Thanks, @benjjneb for the quick response. We had targeted V3-V5 regions, the primer set is F357-R926. Yes, the fastqc showed that the data had Nextera transposase sequence as adapter content. However, I did trim the barcodes using cutadapt, I presume that would also trim the adapter sequence too.

[benjjneb]

I have not used this particular primer set, but I suspect the issue is that is is so long that your reads barely overlap. Going by the E. coli coords, 926-357 = 569nts of length for this amplicon. The primers are sequenced, and potentially some adapter as well. Indeed, when I inspect alignments of the most abundant raw sequences I get this:

fnF <- "~/Desktop/outputAU001_S1_R1_001.fastq.gz"
fnR <- "~/Desktop/outputAU001_S1_R2_001.fastq.gz"
sqF <- getSequences(derepFastq(fnF))
sqR <- getSequences(derepFastq(fnR))
unname(outer(sqF[1:5], rc(sqR[1:5]), nwhamming))

[,1] [,2] [,3] [,4] [,5]

[1,] 17 16 16 18 16 [2,] 76 77 77 0 77 [3,] 79 80 80 0 80 [4,] 79 80 80 0 80 [5,] 77 78 78 0 78

nwalign(sqF[2], rc(sqR[4]))

[1] "CCTACGGGAGGCAGCAGTGAGGAATATTGGTCAATGGGCGAGAGCCTGAACCAGCCAAGTAGCGTGAAGGATGAAGGTCCTACGGATTGTAAACTTCTTTTATACGGGAATAAAGTATCCTACGTGTAGGATTTTGTATGTACCGTATGAATAAGCATCGGCTAACTCCGTGCCAGCAGCCGCGGTAATACGGAGGATGCGAGCGTTATCCGGATTTATTGGGTTTAAAGGGAGCGCAGACGGGAGATTAAGTCAGTTGTGAAAGTTTGCGGCTCAACCGTAAAATTGCAGTTGATACTGG-------------------------------------------------------------------------------------------------------------------------------------------------------------------------------------------------------------------------------------------------------------------------------------" [2] "-------------------------------------------------------------------------------------------------------------------------------------------------------------------------------------------------------------------------------------------------------------------------------------CCGTAAAATTGCAGTTGATACTGGATATCTTGAGTGCAGTTGAGGCAGGCGGAATTCGTGGTGTAGCGGTGAAATGCTTAGATATCACGAAGAACTCCGATTGCGAAGGCAGCCTGCTAAGCTGCAACTGACATTGAGGCTCGAAAGTGTGGGTATCAAACAGGATTAGATACCCTGGTAGTCCACACGGTAAACGATGAATACTCGCTGTTTGCGATATACGGCAAGCGGCCAAGCGAAAGCGTTAAGTATTCCACCTGGGGAGTACGCCGGCAACGGTGAAACTCAAATGAATTGACGG"

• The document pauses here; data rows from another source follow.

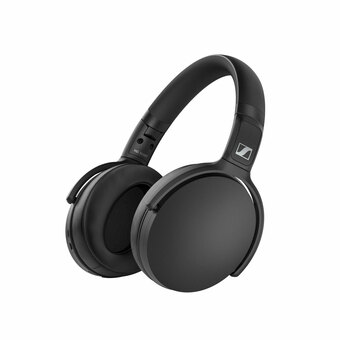 Best Buy Sennheiser HD 350BT Over-Ear Sound Isolating Bluetooth Headphones - Black offer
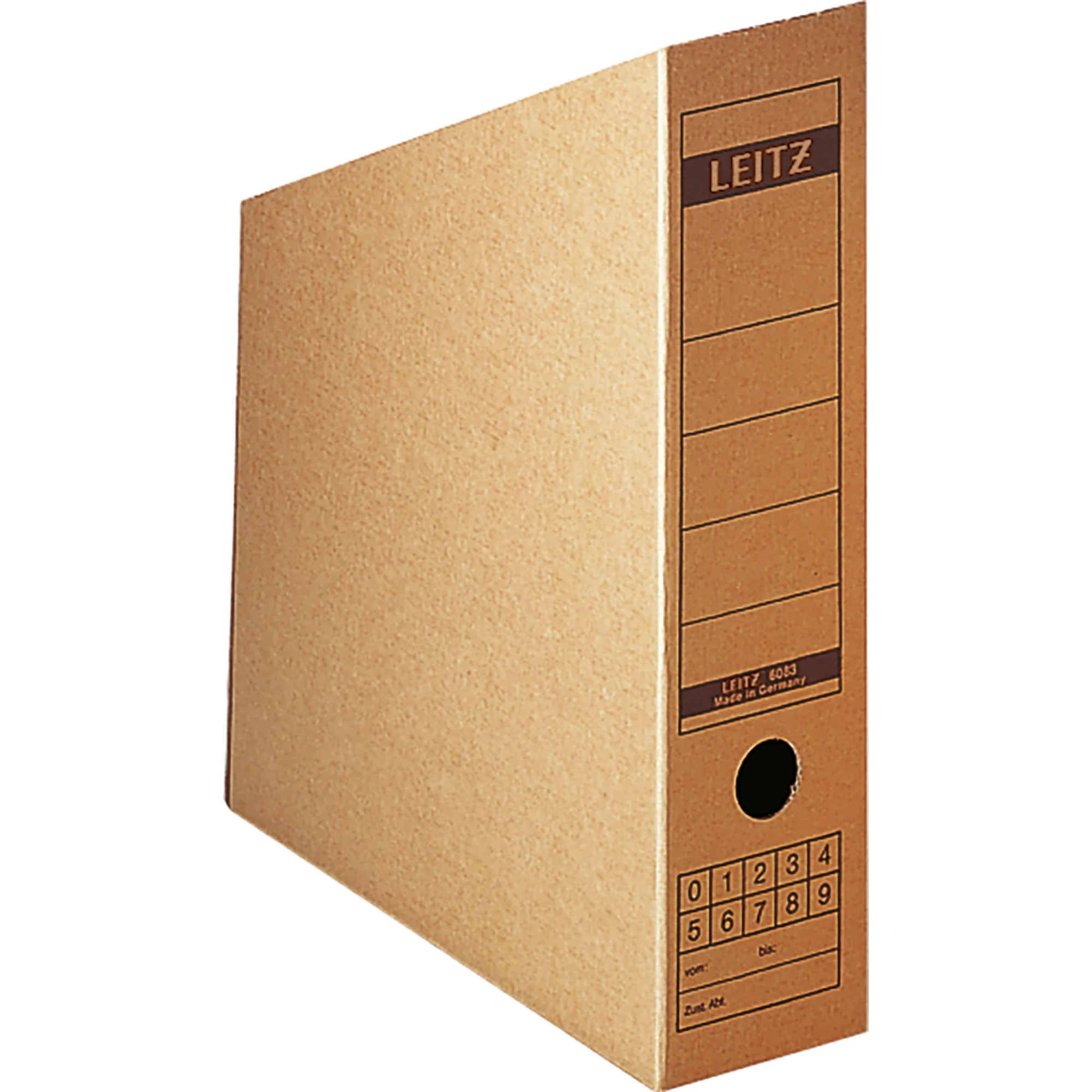 LEITZ Archiv-Stehsammler, DIN A4, aus Wellpappe, natron (EAN: 4002432312399)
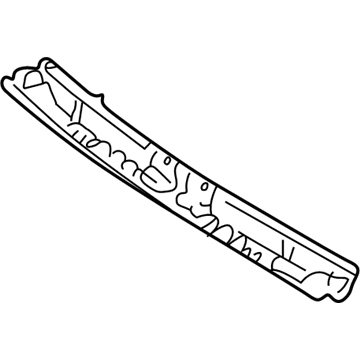 Toyota 63102-48903 Header Panel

With apologies for the crappy formatting, what this shows is that these reads do overlap, but only by 24 nts. Thus, in order to process this data and expect merging later on, you basically cannot truncate any reads off the end.

IMO, while this is pretty good quality 2x300 data, the qualities still get pretty low at the end fo the reverse reads, so having to keep all of that will hurt your sensitivity to low frequency stuff. Thus, I would consider using the forward reads alone for this data.

[dhrpa]

@benjjneb Hello, I am facing a similar issue. My read count goes down drastically after the mergers step.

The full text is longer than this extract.